Considering that there is formal analogy between gravitational theory and electromagnetic theory, then it seems like that such a proposition is possible, at least theoretically.
And if it is indeed possible to convert gravitational energy into electrical energy, will it imply potential destruction of natural gravitational field?
 A: Suppose you have a charged parallel plate capacitor, with fixed equal and opposite charges on the plates. Both plates are parallel to the ground (i.e. perpendicular to the gravitational field). The upper plate is fixed, and the lower plate can be released to fall a certain distance under the influence of gravity. You release the lower plate, and the plate spacing gets bigger as it falls. Neglecting fringe fields, the electric field between the capacitor plates stays the same, but now occupies a greater volume, so more energy is stored in the electric field. You have converted gravitational potential energy directly into electrical energy. You have not destroyed the gravitational field in the process.
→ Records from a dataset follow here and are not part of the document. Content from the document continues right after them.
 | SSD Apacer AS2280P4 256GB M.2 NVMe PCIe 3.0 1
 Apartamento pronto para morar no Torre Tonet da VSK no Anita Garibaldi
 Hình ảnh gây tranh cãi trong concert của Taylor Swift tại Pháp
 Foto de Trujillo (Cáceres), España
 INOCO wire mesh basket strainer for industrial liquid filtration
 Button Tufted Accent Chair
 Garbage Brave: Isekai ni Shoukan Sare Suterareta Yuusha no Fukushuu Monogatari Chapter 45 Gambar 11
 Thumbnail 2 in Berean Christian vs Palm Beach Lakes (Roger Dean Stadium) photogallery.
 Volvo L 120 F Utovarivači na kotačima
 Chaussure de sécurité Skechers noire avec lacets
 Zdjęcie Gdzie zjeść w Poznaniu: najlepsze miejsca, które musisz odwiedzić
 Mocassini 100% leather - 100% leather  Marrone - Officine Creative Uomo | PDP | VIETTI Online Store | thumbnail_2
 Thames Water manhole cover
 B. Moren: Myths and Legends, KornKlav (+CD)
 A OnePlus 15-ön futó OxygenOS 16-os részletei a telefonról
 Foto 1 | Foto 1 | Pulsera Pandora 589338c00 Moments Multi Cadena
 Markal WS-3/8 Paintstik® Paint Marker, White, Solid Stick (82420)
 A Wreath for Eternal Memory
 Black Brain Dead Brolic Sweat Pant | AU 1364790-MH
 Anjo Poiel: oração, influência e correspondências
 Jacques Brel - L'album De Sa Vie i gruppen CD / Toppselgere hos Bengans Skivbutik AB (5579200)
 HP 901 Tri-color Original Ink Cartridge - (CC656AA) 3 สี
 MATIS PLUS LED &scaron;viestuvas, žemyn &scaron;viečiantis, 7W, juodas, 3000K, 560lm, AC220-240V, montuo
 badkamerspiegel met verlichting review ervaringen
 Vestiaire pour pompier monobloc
A: Electromagnetic interaction is about $10^{35}$ times stronger than gravitational interaction, which is why e.g. a television cathode ray tube (yes, I'm old) would work all the same on the Moon as on Earth, even though the Moon's gravitation on the surface is only a fraction of the Earth's. The electrons are so fast that they have left the apparatus before they even notice they are in a gravity well: At 3000V in a  CRT they are apparently accelerated to 1/10 c, or 30,000,000 m/s, giving them 33 nanoseconds or so within a 1 m CRT. During that time they fall $s = 1/2 a t^2 = 1/2 * 9.81m/s^2 * (33*10^{-9}s)^2 \approx 5.3*10^{-15}m$.
Electrons are also very light, hundreds of times lighter than the neutrons and protons, and therefore are heavily accelerated by electric fields but don't gain much energy from gravitational fields. Even the capacitor experiment suggested by Puk doesn't use the gravitational force on the electrons (much) — those would go wherever the electrostatic field wants them to. Instead, he converted the gravitational energy of the much heavier protons and neutrons. It is also noteworthy that the vast majority of atoms in a normal metal plate capacitor is electrically neutral. The charge is measured in Coulomb, which is $6.24*10^{18}$ electrons, as opposed to about $10^{25}$ atoms in a kg of copper. At a charge of 1 Coulomb in a one kg capacitor there are about a million neutral copper atoms before you are finding a lacking or excess electron. If all of the atoms were ionized the electrostatic force would be much stronger than the gravitation.
A: If you have two objects that are charged with the same polarity, but the electrical force between them is slightly less than the gravitational pull, then they will accelerate towards each other, but this acceleration will be partially counteracted by the repulsion between them. The gravitational field goes work on the objects, the objects do work on the electrical field, and so part of the gravitational potential energy is converted to electrical potential energy.